# What you have to do
Copy all lines below exactly as written. Leave pictures out.
::: Supplied information :::
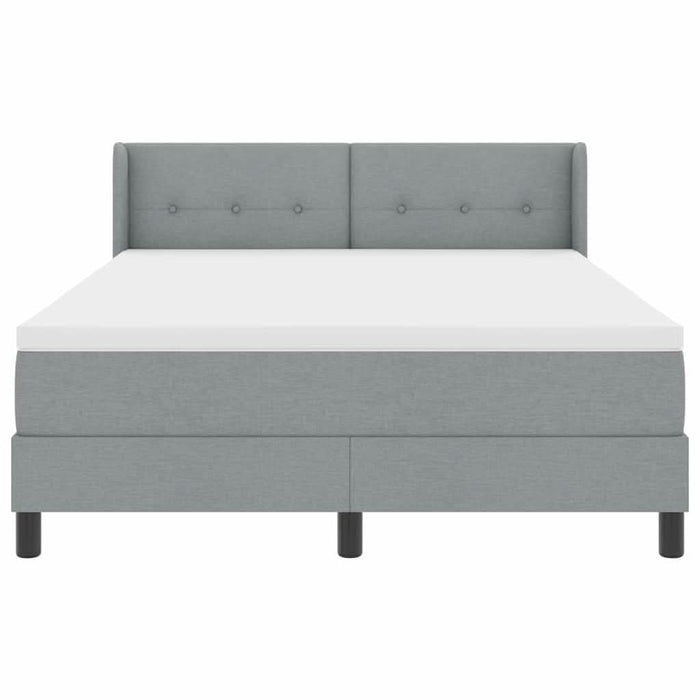 Pat cu arcuri cu saltea Gri deschis 190 x 140 cm Poliester - WALTI WALTI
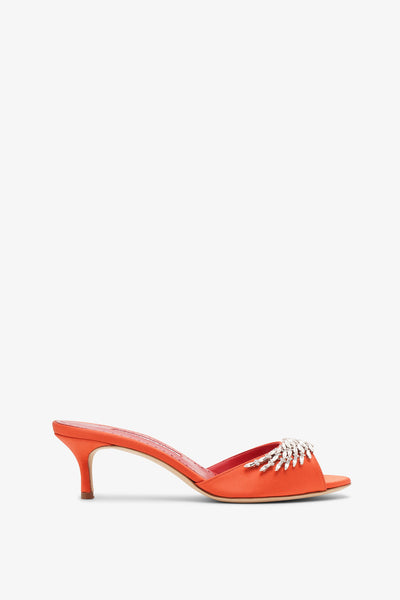 Manolo Blahnik | Lumada 50 coral satin mules | Savannahs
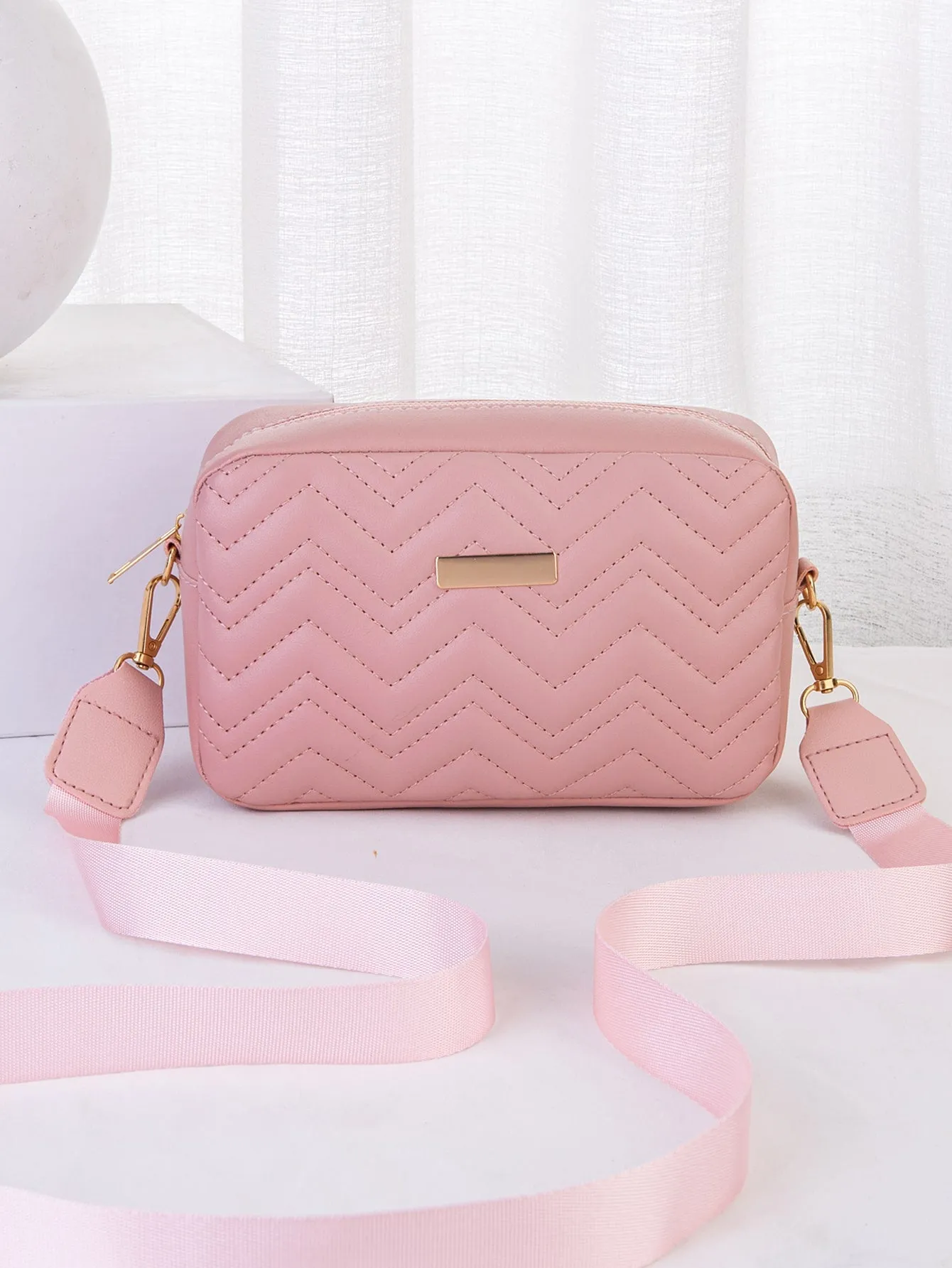 Mini Chevron Quilted Square Bag Fashion Pink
:::
# Exercise answer
 Pat cu arcuri cu saltea Gri deschis 190 x 140 cm Poliester - WALTI WALTI
 Manolo Blahnik | Lumada 50 coral satin mules | Savannahs
 Mini Chevron Quilted Square Bag Fashion Pink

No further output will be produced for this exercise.